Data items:
►

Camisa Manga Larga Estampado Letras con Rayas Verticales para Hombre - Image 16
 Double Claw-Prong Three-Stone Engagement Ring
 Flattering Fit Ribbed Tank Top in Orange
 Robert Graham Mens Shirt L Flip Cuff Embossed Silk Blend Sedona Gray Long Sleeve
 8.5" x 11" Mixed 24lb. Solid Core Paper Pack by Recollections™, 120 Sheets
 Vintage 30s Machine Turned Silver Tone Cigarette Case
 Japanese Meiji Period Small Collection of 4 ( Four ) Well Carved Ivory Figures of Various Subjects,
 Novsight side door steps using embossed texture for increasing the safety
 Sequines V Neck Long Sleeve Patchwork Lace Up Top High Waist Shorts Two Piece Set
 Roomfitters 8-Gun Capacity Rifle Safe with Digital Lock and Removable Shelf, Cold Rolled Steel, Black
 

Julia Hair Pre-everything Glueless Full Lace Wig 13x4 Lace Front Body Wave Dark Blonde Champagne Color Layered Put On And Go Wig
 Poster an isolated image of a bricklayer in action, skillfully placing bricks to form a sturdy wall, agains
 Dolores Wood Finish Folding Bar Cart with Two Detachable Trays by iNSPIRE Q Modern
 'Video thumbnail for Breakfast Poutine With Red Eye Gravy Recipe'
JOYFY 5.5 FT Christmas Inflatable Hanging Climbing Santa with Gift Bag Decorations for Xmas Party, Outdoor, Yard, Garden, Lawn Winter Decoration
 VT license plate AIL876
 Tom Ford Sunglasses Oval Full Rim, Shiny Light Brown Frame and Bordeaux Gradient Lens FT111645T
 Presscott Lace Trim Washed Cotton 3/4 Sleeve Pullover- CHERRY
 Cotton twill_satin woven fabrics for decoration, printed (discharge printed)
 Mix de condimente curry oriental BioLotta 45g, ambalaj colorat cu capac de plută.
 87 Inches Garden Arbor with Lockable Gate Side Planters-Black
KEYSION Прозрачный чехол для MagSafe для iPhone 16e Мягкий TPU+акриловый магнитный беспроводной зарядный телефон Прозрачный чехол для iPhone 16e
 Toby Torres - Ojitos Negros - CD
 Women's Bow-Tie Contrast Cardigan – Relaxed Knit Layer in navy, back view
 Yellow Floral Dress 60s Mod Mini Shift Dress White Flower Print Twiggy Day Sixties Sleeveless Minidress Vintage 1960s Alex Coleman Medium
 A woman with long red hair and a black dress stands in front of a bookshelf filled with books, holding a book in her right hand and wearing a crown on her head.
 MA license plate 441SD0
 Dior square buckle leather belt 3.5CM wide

◄

Restate the records above verbatim up to and including the line containing "Poster an isolated".

Response ▸
Camisa Manga Larga Estampado Letras con Rayas Verticales para Hombre - Image 16
 Double Claw-Prong Three-Stone Engagement Ring
 Flattering Fit Ribbed Tank Top in Orange
 Robert Graham Mens Shirt L Flip Cuff Embossed Silk Blend Sedona Gray Long Sleeve
 8.5" x 11" Mixed 24lb. Solid Core Paper Pack by Recollections™, 120 Sheets
 Vintage 30s Machine Turned Silver Tone Cigarette Case
 Japanese Meiji Period Small Collection of 4 ( Four ) Well Carved Ivory Figures of Various Subjects,
 Novsight side door steps using embossed texture for increasing the safety
 Sequines V Neck Long Sleeve Patchwork Lace Up Top High Waist Shorts Two Piece Set
 Roomfitters 8-Gun Capacity Rifle Safe with Digital Lock and Removable Shelf, Cold Rolled Steel, Black
 

Julia Hair Pre-everything Glueless Full Lace Wig 13x4 Lace Front Body Wave Dark Blonde Champagne Color Layered Put On And Go Wig
 Poster an isolated image of a bricklayer in action, skillfully placing bricks to form a sturdy wall, agains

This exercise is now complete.